With Democrats taking the heat for the sluggish recovery and some inflation hawks pressuring the Fed to cut back on its program of a stimulative monetary policy, Yellen’s views should be music to Obama’s ears.
So why is her appointment not a sure thing?
First, the Obama economic advisers who promoted the now failed campaign to install Summers are not high on Yellen. Unlike Summers, she has never been a member of the old boys’ club of former protégés of Robert Rubin. She has never worked on Wall Street, and the big bankers have no IOUs out on her. She has been obliquely critical of the administration’s emphasis on deficit reduction, and is somewhat tougher on financial regulation than the crew at the Treasury.
Second, just as no president likes to be denied a preferred nominee—as Obama just was denied Summers—no president likes to be pressured into making an appointment. The groundswell of support from progressive Democrats, leading women, and economists—nearly 400 of whom recently signed a letter in support of Yellen—has been unprecedented.
But the campaign puts Yellen herself in an awkward position. One is not supposed to campaign for a presidential appointment—though Summers surely did. Yellen is interested in the job. She has been interviewed for it by Obama. She can’t prevent supporters from backing her. But the whole show is a bit unseemly.
With Summers now out of contention, many on Obama’s economic team are urging him to come up with a third candidate, arguing that Summers and Yellen should cancel each other out and that if Obama looks weak for having lost Summers, he would look even weaker if he were pressured to name Yellen.
But that’s just plain bad advice. Yellen is far and away the best person in contention for this important post. The fact that she is a woman is an added bonus, but nobody can claim that she is under consideration simply because she’s a woman.

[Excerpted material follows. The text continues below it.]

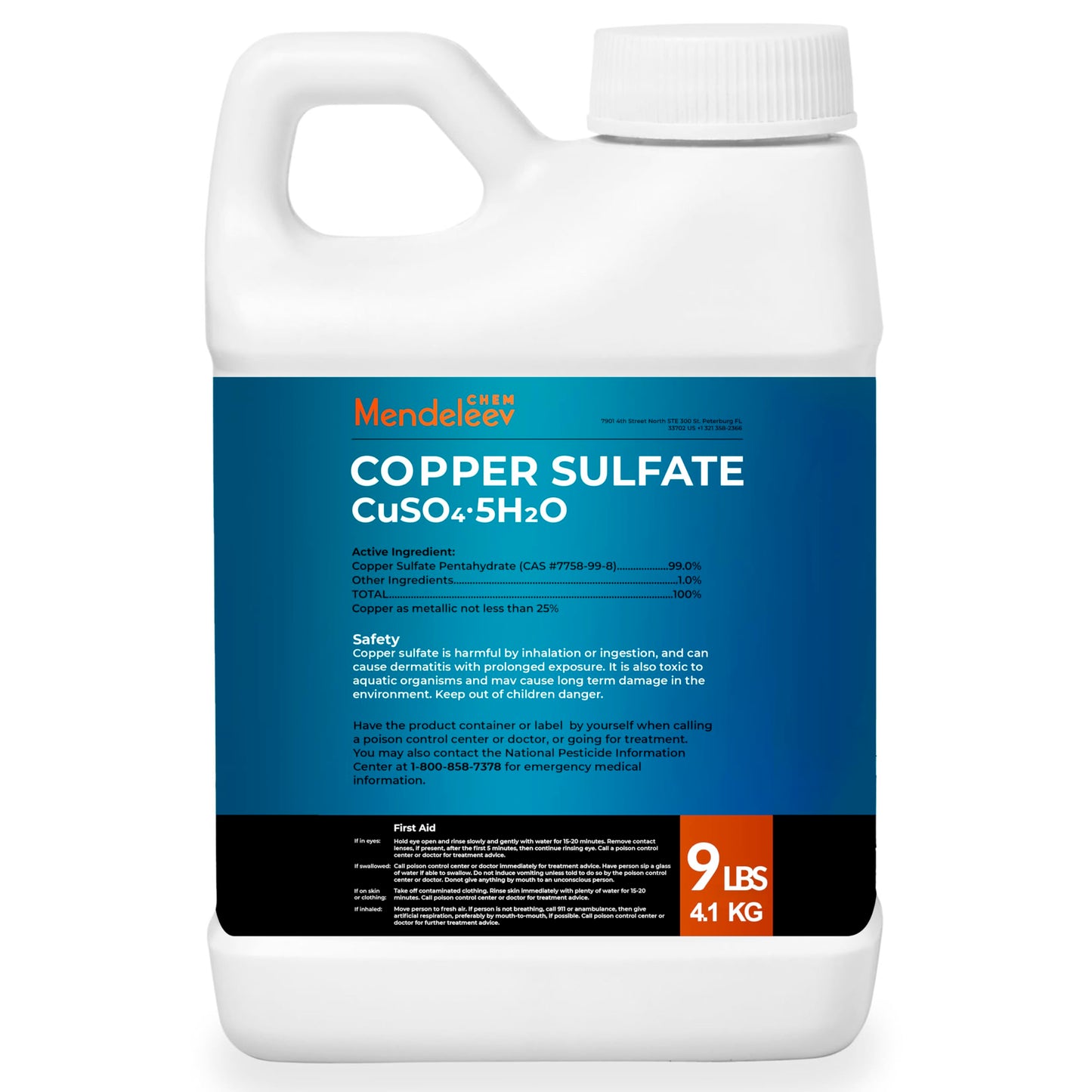 Copper Sulfate Crystals 9 Lb, Granular EPA Free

Obama looked weak because he let the rumored and leaked Summers nomination hang fire for so long while opposition built, and then had to let Summers withdraw. If he swiftly gives the job to Yellen rather than dithering for several more weeks, he will look decisive.
The Fed chair serves a four-year term, so a Yellen appointment, which would take effect in January 2015, would be part of Obama’s legacy well after his own term expires.
There is something similar in the way Obama handled the Summers nomination and the issue of whether to launch a punitive attack on Syria, something that reveals some clues about the nature of Obama’s leadership. You decide whether it is a kind of three-dimensional chess or blundering into a happy ending via dumb luck: In the case of Syria, Obama’s advisers urged him to punish Assad with a one-time strike to “deter and degrade” Syria’s capacity for chemical warfare. Obama was not convinced, so he took the case to Congress. He was on the verge of losing the vote when Russia’s Vladimir Putin came to his rescue with a plan to have Syria give up its chemical weapons. Obama, via a three-way bank shot, got the policy he wanted. The U.S. doesn’t get dragged into a war, but Syria does give up chemical weapons, and Obama mends fences with Putin. A lucky break or astute brinkmanship?
In the case of Summers, Obama was more ambivalent than most press accounts contend. He had previously rejected Summers for the Fed job in 2010, and passed over him for president of the World Bank in 2012. Had Obama been clear that he wanted Summers this time around, he simply would have announced the appointment. But with his staff pressing him to name, Obama instead authorized leaks. The leaks only engendered massive opposition, forcing Summers to withdraw.
Was this what Obama wanted all along? Three-dimensional chess, or dumb luck? We will know the answer, I suspect, when we learn whether Yellen gets the job.